En aquellos días, Claude sintió un intenso miedo físico a la muerte. El ver a un vecino yaciendo rígido en su ataúd negro durante un funeral, le aterrorizaba. Solía permanecer despierto en la oscuridad, conspirando contra la muerte, tratando de trazar algún plan para escapar de ella, deseando con amargura no haber nacido jamás. ¿No había otra forma de salir del mundo salvo esta? Cuando pensaba en los millones de criaturas solitarias pudriéndose bajo tierra, la vida no parecía otra cosa que una trampa que atrapaba a la gente para un horrible final. Nunca había habido un hombre tan fuerte o tan bueno como para haber podido escapar. Y sin embargo, a veces tenía la seguridad de que él, Claude Wheeler, escaparía, que de verdad inventaría alguna manera ingeniosa para salvarse de la desintegración. Cuando la encontrara, no se lo diría a nadie, sería astuto y guardaría el secreto. Putrefacción, descomposición… ¡él no entregaría su agradable y templado cuerpo a esa inmundicia! ¿Qué significado tenía aquel versículo de la Biblia: «No permitas que tu Santo sufra la corrupción»[5]?
Si algo podía curar a un chico inteligente de los malsanos miedos religiosos, eso era una universidad confesional como a la que Claude había sido enviado.
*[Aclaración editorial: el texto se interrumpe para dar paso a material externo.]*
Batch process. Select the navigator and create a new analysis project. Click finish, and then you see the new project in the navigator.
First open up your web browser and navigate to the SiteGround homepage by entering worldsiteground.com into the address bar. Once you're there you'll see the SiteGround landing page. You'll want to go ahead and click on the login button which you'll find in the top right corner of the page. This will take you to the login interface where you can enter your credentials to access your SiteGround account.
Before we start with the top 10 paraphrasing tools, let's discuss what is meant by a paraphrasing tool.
Ahora rechazaba la teología cristiana como algo demasiado lleno de evasivas y sofisterías como para razonar sobre ello. Los hombres que la crearon, estaba seguro, eran como los hombres que la enseñaban. El más noble podía ser condenado, según su teoría, mientras que casi cualquier parásito de mal corazón podía salvarse gracias a la fe. La «Fe», como él lo veía ejemplificado en los profesores de la Temple, era un sustituto para la mayoría de las cualidades masculinas que él admiraba. Los hombres jóvenes entraban en la clerecía porque eran tímidos o perezosos y querían que la sociedad se encargara de ellos, porque querían ser mimados por mujeres amables y confiadas, como su madre.
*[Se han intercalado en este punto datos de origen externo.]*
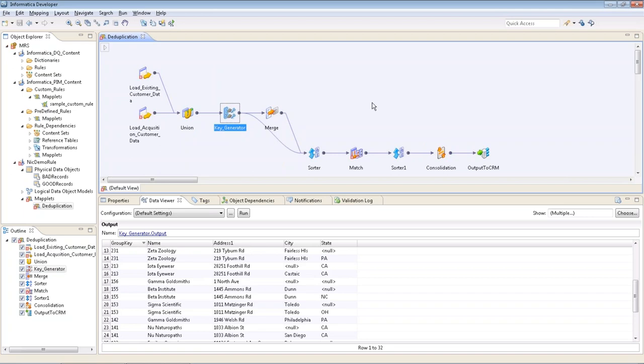The second transformation is a key generator. In this one we're grouping similar records together for matching based off of address line one. It's taking the soundex of that address and creating a group key. Basically this is a performance measure to make sure you're not matching a record to every single other record in the file, but grouping them together in categories that make sense.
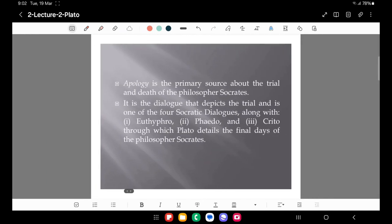Apology is one of four Socratic dialogues — along with Euthyphro, Phaedo, and Crito — through which Plato has provided details of the final days of the philosopher Socrates: when he was imprisoned, how the trial proceeded, and the events leading to his death.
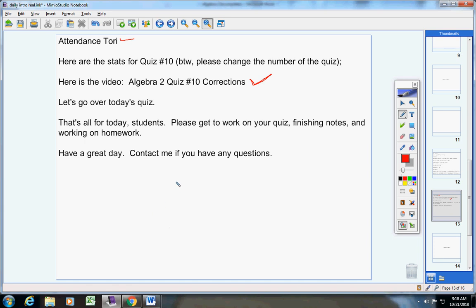Quiz number one - you're going to solve the given matrix equation. I would show as much work as possible so that you can get partial credit. Number two - I'm asking you to solve the three by three, or the three variable system, by using augmented matrices.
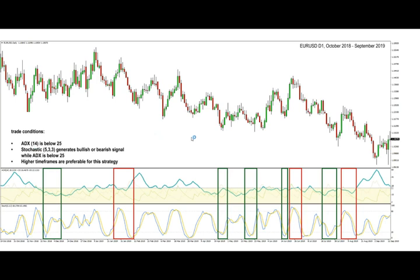The strategy is based on the idea that oscillators like the stochastic tend to generate better signals in a ranging market or when the trend is sideways. To determine whether the trend is sideways or trending, we are using the ADX indicator, which is this thick blue line shown on our chart. The condition is for the ADX to be below the 25 level, shown with this gray line, and the yellow area indicates all the area on the ADX where the main line is below 25, which indicates sideways market conditions.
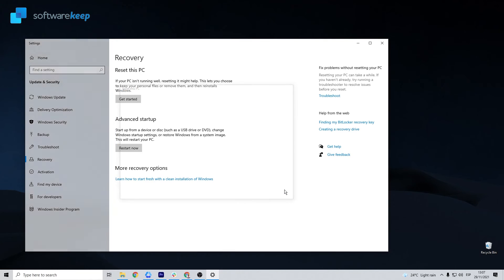Once the reset is complete, Windows will restart and you should sign in and be able to access the Microsoft Store app.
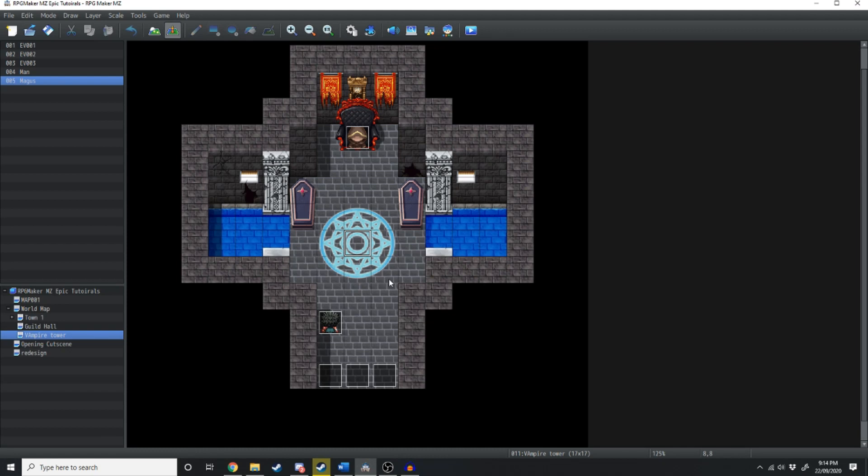And that is how you add voice acting to your RPG Maker MZ game. If you want to check out some more RPG Maker related content, then click subscribe and or one of the videos that will be showing up on your left side of the screen. I'll see you guys in the next video.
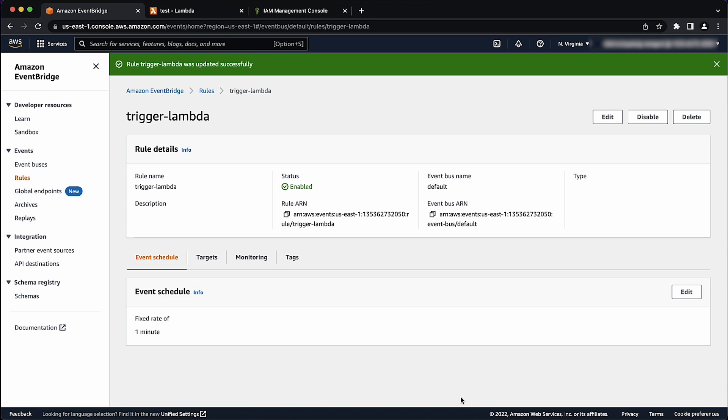And now you know how to attach the appropriate permissions in the resource policy of an AWS Lambda function that is the target of an Amazon EventBridge rule created through the AWS CLI, SDK, or AWS CloudFormation. Thanks for watching and happy cloud computing from all of us here at AWS.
Aunque él tenía poco que ver con la teología y los teólogos, Claude hubiera dicho que era cristiano, creía en Dios y en el espíritu de los cuatro Evangelios y en el «Sermón de la montaña». Solía detenerse y atascarse en «Bienaventurados los mansos»[6], hasta que un día se le ocurrió que este verso se refería exactamente a gente como Mahailey y ¡desde luego ella estaba bendecida!